__STORED DATA__:

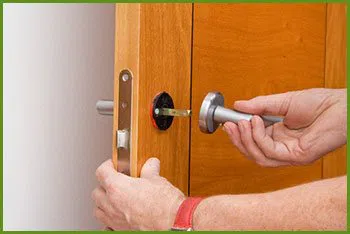 Neighborhood Locksmith Services Fairfax, VA 703-570-4219 - 14-install-new-Lock
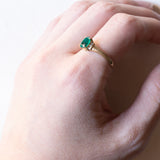 Anello vintage in oro 18K con smeraldo sintetico e diamanti, anni ‘70/‘80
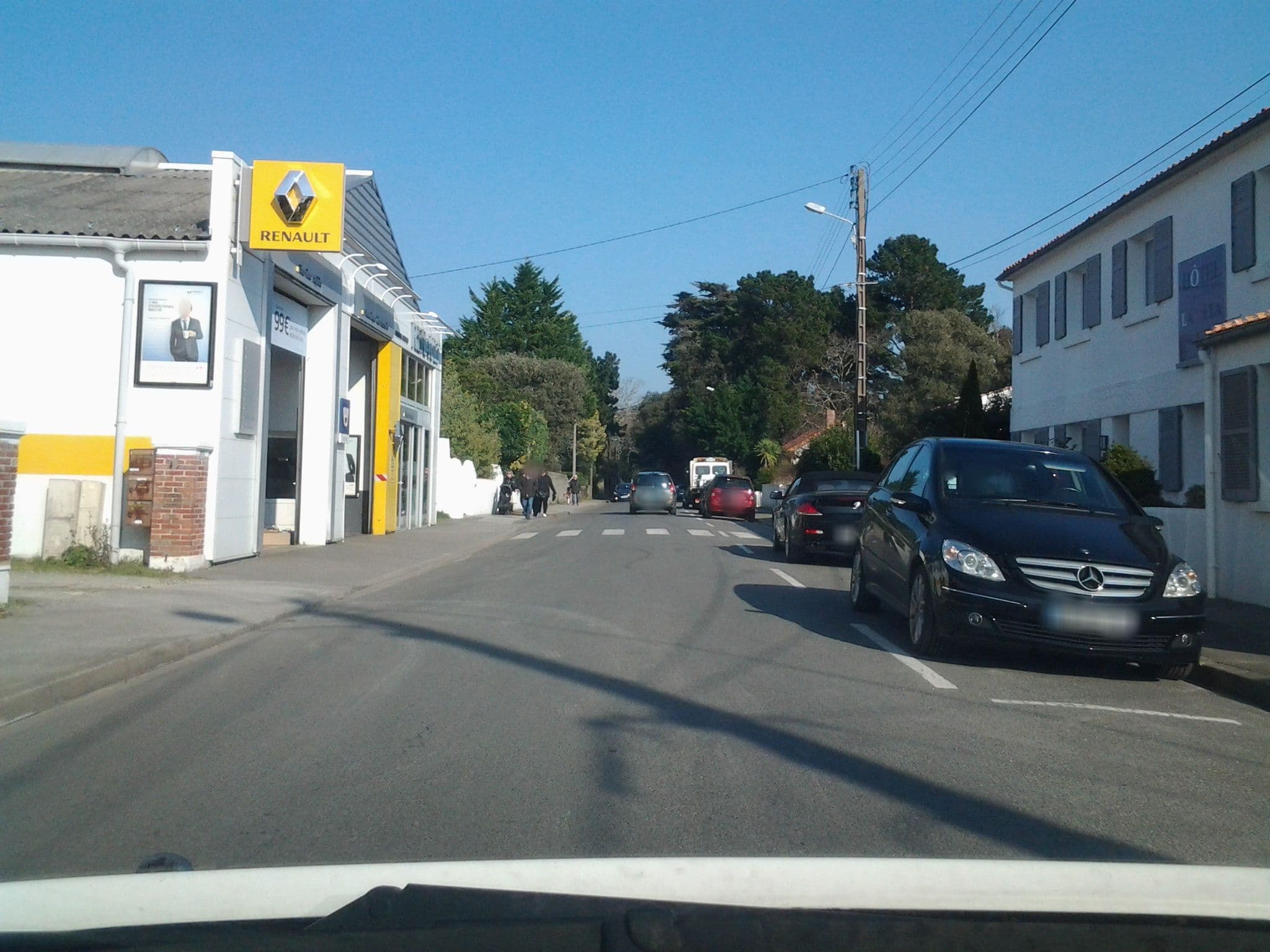 Street view near Hôtel villa en l'île, Noirmoutier-en-l'Île — © aile85 (CC BY-SA · Mapillary)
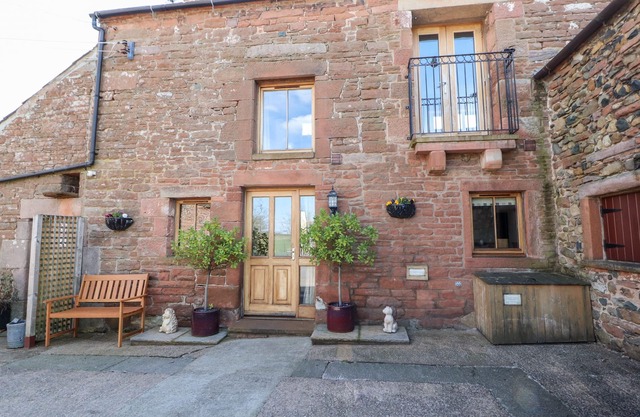 Nido de golondrina, PENRITH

__WORK TASK__:
Copy, without the pictures, exactly the lines from the line with "Street view near" through the end of the material above, both ends included.

__RESULT FOR THIS EXERCISE__:
 Street view near Hôtel villa en l'île, Noirmoutier-en-l'Île — © aile85 (CC BY-SA · Mapillary)
 Nido de golondrina, PENRITH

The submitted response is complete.